WHAT YOU ARE ASKED TO DO:
Write out exactly the lines below starting at the one containing "In the show" and ending at the one containing "Now going to". Omit every picture.

EXTRACTED DATA:

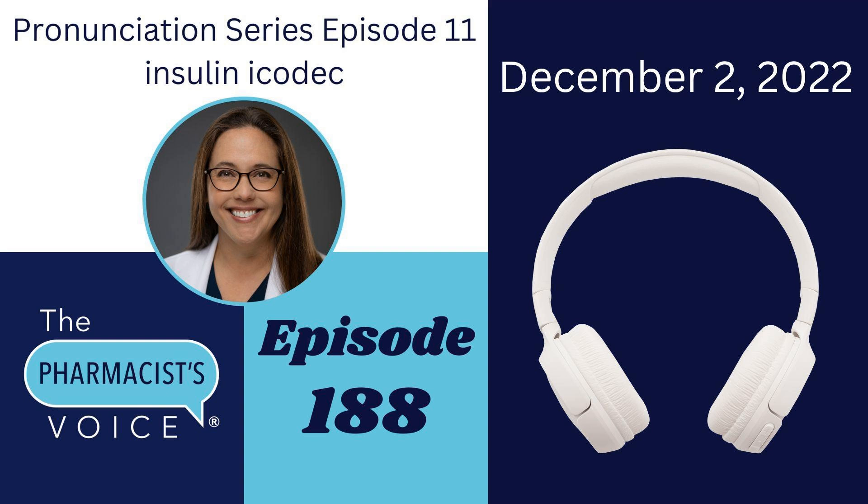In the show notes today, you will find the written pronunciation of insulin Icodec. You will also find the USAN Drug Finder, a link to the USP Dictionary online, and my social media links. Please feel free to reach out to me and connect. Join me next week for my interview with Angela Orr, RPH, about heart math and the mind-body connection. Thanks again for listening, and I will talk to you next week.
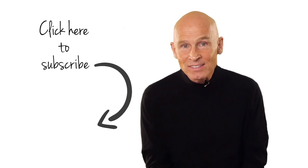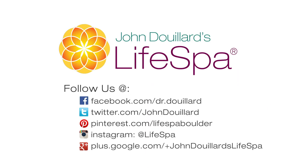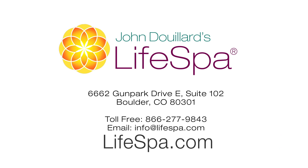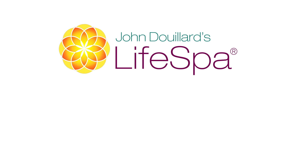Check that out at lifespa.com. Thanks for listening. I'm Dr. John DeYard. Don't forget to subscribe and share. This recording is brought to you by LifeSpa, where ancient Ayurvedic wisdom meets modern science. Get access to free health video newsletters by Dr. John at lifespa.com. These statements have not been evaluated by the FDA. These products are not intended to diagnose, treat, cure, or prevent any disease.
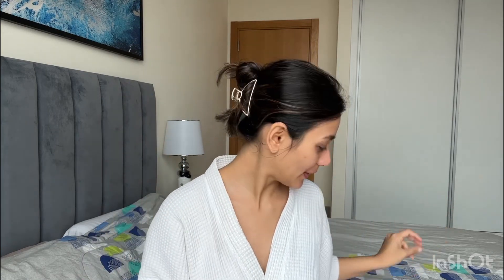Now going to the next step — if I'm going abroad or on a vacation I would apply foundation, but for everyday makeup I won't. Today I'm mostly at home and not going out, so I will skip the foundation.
---
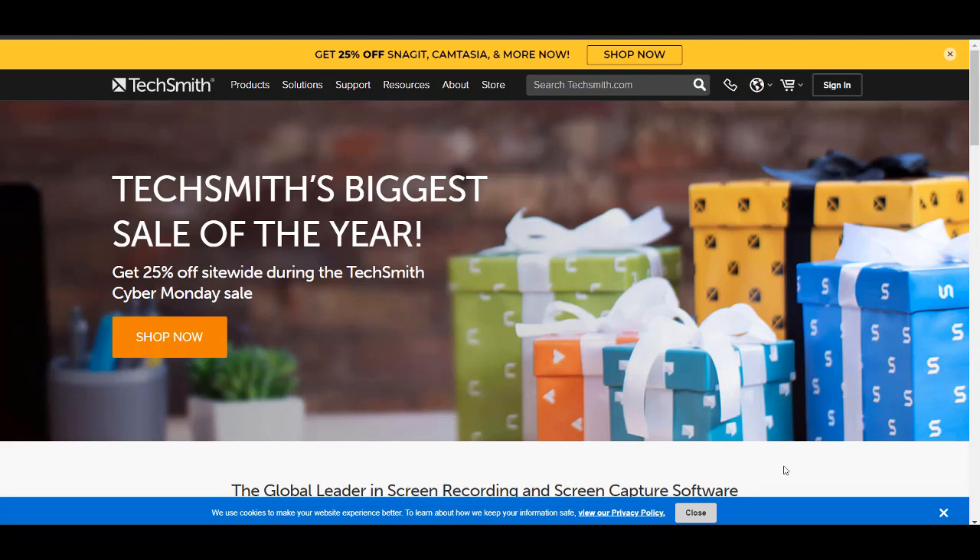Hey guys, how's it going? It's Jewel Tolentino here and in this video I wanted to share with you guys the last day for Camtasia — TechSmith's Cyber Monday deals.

YOUR SOLUTION:
In the show notes today, you will find the written pronunciation of insulin Icodec. You will also find the USAN Drug Finder, a link to the USP Dictionary online, and my social media links. Please feel free to reach out to me and connect. Join me next week for my interview with Angela Orr, RPH, about heart math and the mind-body connection. Thanks again for listening, and I will talk to you next week.
Check that out at lifespa.com. Thanks for listening. I'm Dr. John DeYard. Don't forget to subscribe and share. This recording is brought to you by LifeSpa, where ancient Ayurvedic wisdom meets modern science. Get access to free health video newsletters by Dr. John at lifespa.com. These statements have not been evaluated by the FDA. These products are not intended to diagnose, treat, cure, or prevent any disease.
Now going to the next step — if I'm going abroad or on a vacation I would apply foundation, but for everyday makeup I won't. Today I'm mostly at home and not going out, so I will skip the foundation.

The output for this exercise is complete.